P.S - the box for the Seasonic PSU isn't in good shape. Should I return it? It's also non-modular. I didn't realize that.


----------



## harshilsharma63 (Jun 11, 2015)

Kaltrops said:


> Hey guys. I would like to thank you for your input. I went with the Asus H97 PRO, the Seasonic S12II 520W and the Asus DRW DVD/RW thanks to you
> 
> My final setup. All purchased from Prime Abgb  -
> 
> ...



> Congrats on the purchase. Can you post individual prices?

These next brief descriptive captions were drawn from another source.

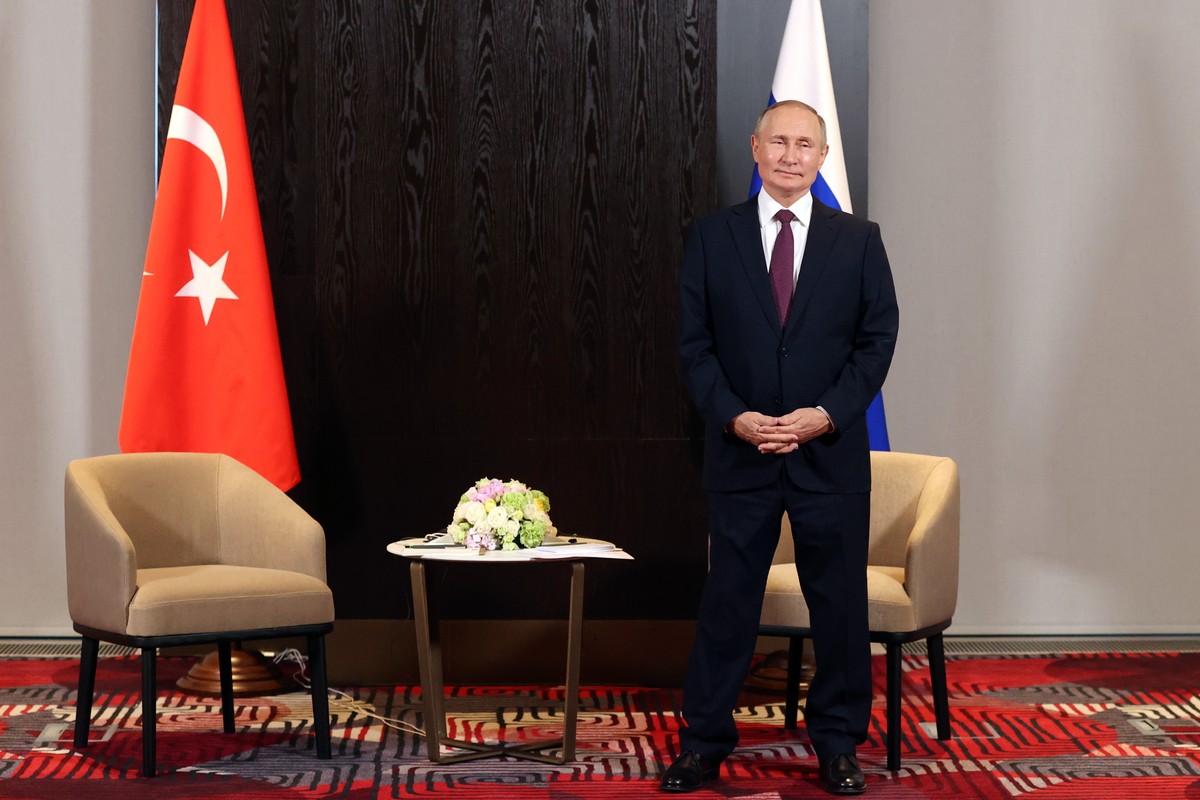 Russian President Vladimir Putin stands waiting for his meeting with Turkey's President Recep Tayyip Erdogan on the sidelines of the Shanghai Cooperation Organisation (SCO) summit in Samarkand, U ...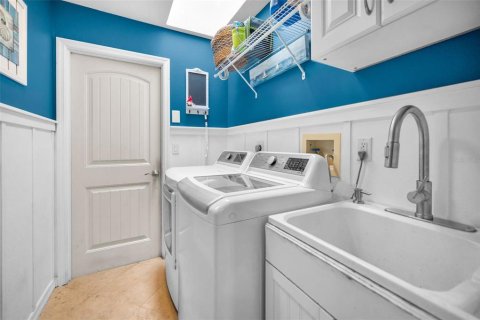 Casa en venta en New Port Richey, Florida, 3 dormitorios, 172.43 m2 № 1910930 - foto 28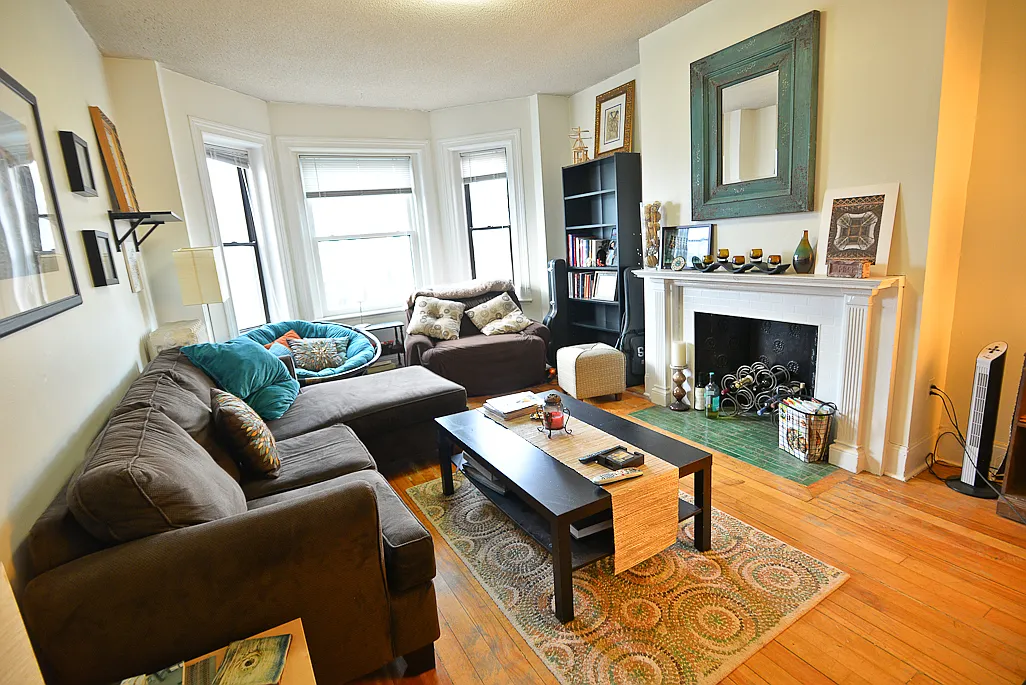 3 bed, 820 sqft, $3,300 — Photo 3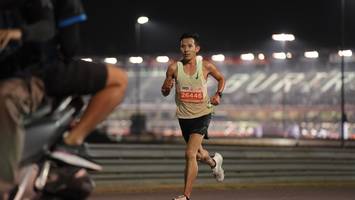 BIB: 26446
                            <button type="button" onclick="openModal(14179313)" class="btn btn-primary btn-sm float-right btn-popup" data-toggle="modal" data-target=".modal-high-quality">
                        <i class="fas fa-shopping-cart"></i> Add to Cart
                    </button>
                                            <button type="button" onclick="isThisMe(14179313, true)" class="btn btn-success btn-sm float-right btn-popup btn-isme hidden" data-toggle="tooltip" data-placement="bottom" title="นี่คือรูปของคุณใช่ไหม คลิกที่นี่เพื่อเอาเข้าอัลบั้ม">
                        <i class="fas fa-plus"></i> Add to album
                    </button>
                    <button type="button" onclick="isThisMe(14179313, false)" class="btn btn-warning btn-sm float-right btn-popup btn-isnotme hidden">
                        <i class="fas fa-ban"></i> Remove from album
                    </button>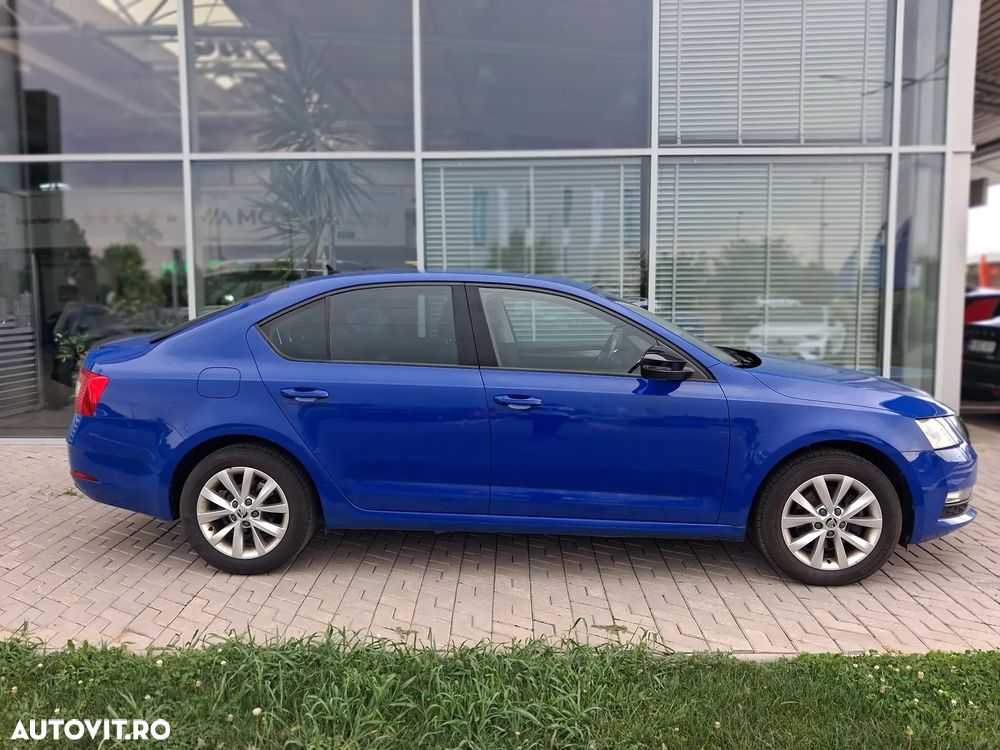 Skoda Octavia 1.5 TSI ACT DSG Ambition - 6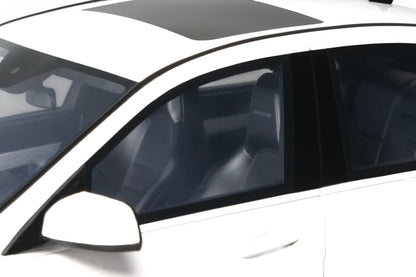 MERCEDES-BENZ C63 AMG DIAMOND WHITE 2007
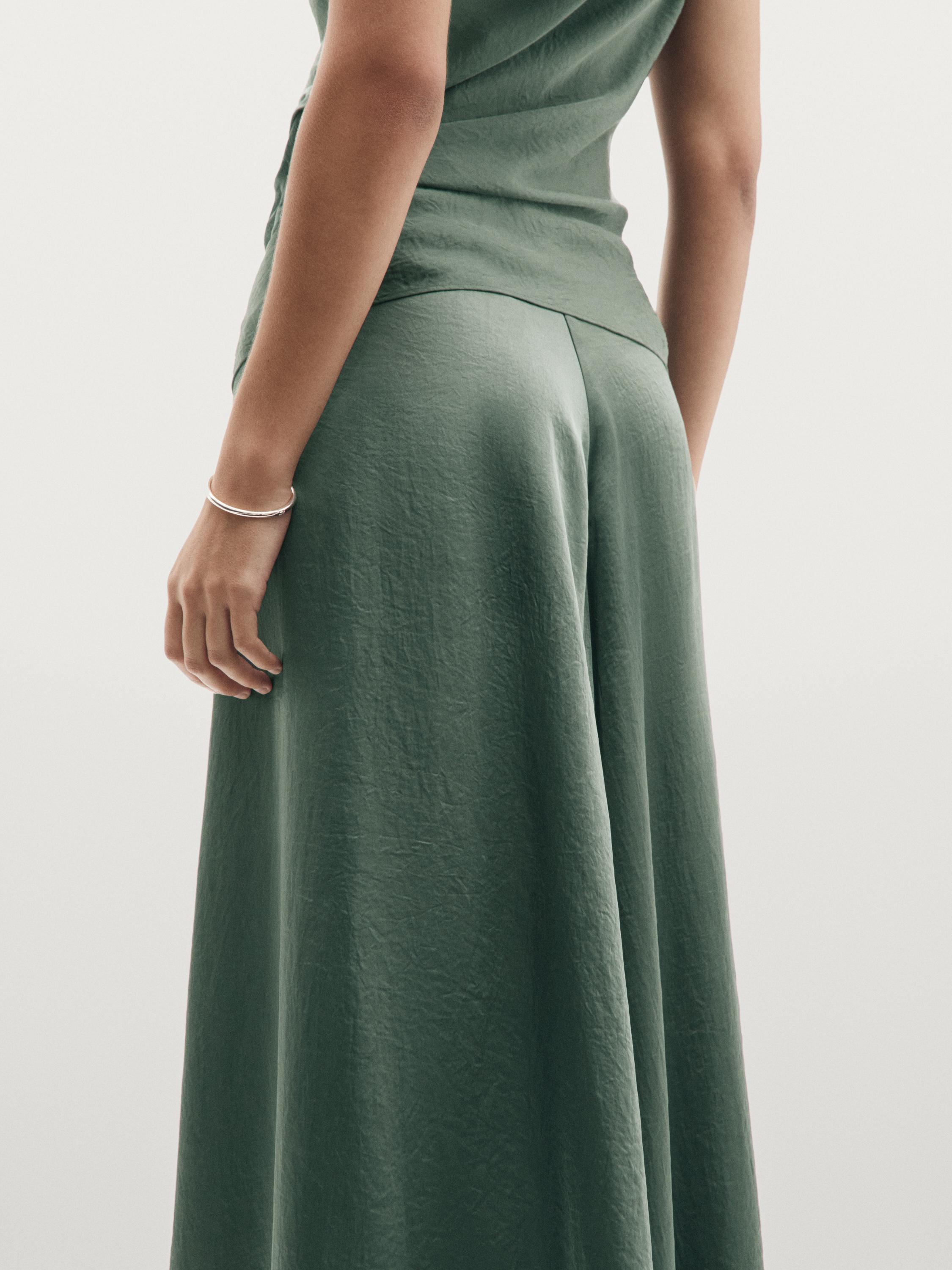 Flowing wide-leg trousers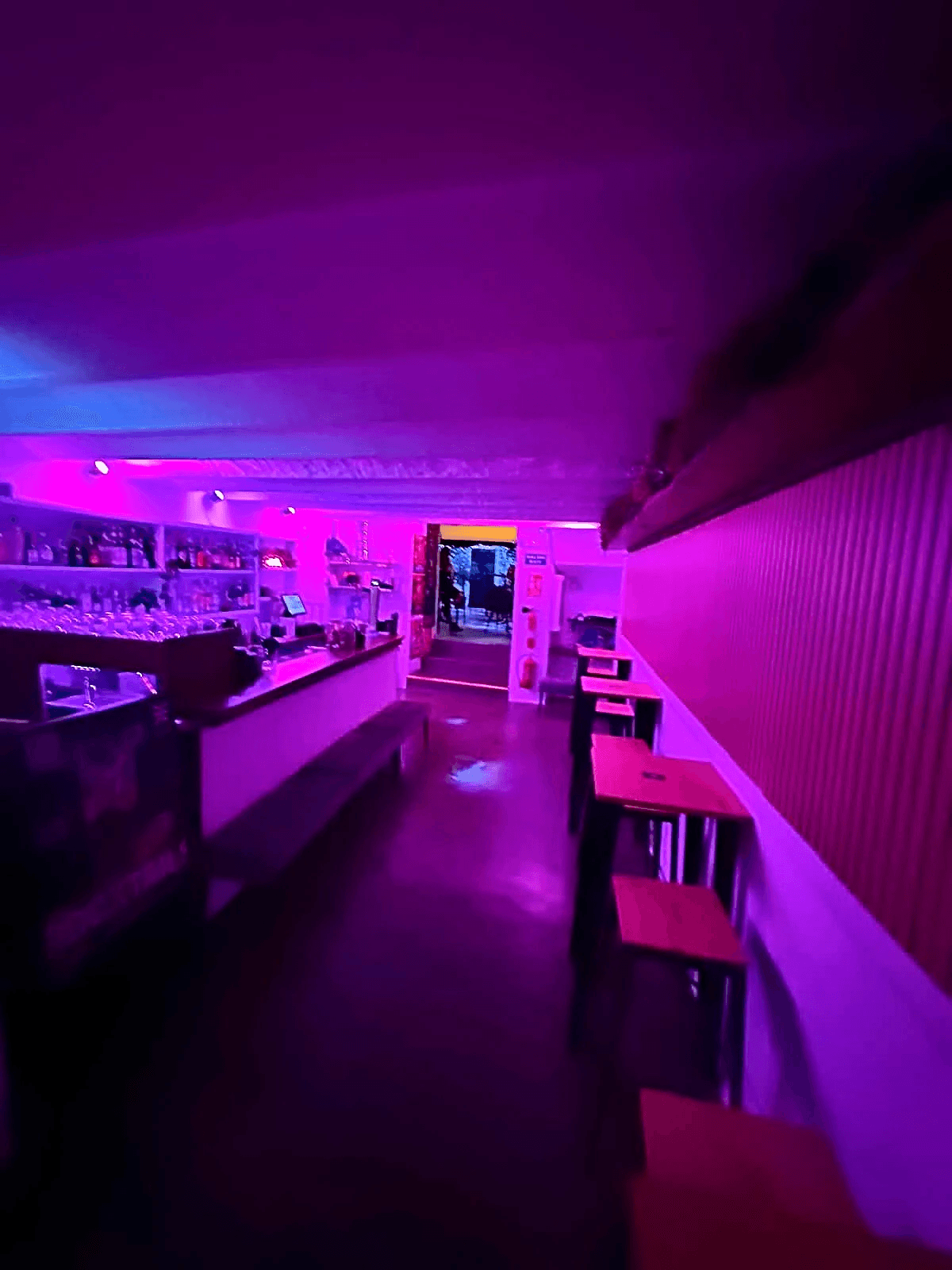 Bar for sale in the Ibiza port with terrace and license.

> Take a look at Corsair 300R or 400R. Air filters dramatically reduce the air flow. This is not recommended especially in summers. You can build DIY air filters form AC filters available in any air conditioner showroom.


----------



## bssunilreddy (Jun 11, 2015)

Congrats on your purchase.


----------



## Kaltrops (Jun 11, 2015)

Thanks guys!  

Here you go Harshil - 

Intel i5 4690 CPU 
= Rs 15000

Asus H97-Pro Motherboard 
= Rs 8000

ASUS Strix Direct CU II GTX 970 GPU  (Free Batman Arkham Knight game) 
= Rs 25500

G.Skill Ripjaw 8GB DDR3 RAM 
= Rs 3800

Seasonic S12II 520W 
= Rs 4800

Samsung EVO 850 250GB SSD 
= Rs 8000

Dell S2240L LED Monitor 
= Rs 7750

Asus DRW-24D3ST DVD/RW
= Rs 1000

Logitec Keyboard and Mouse 
= Rs 800

Total = Rs 74,650

Cheers!

Harshil, wouldn't dust be more detrimental to the GPU and CPU in the long run? Couldn't I just let the side fan vents simply allow the hot air to escape?


----------



## harshilsharma63 (Jun 11, 2015)

Kaltrops said:


> Thanks guys!
> 
> Here you go Harshil -
> 
> ...



> Dust indeed does damage but only when you leave it there for years. You might get a bit higher temps but that's it. Significant damage is improbable. Like I said, you can use various materials such as AC filters, leggings, etc as filters too.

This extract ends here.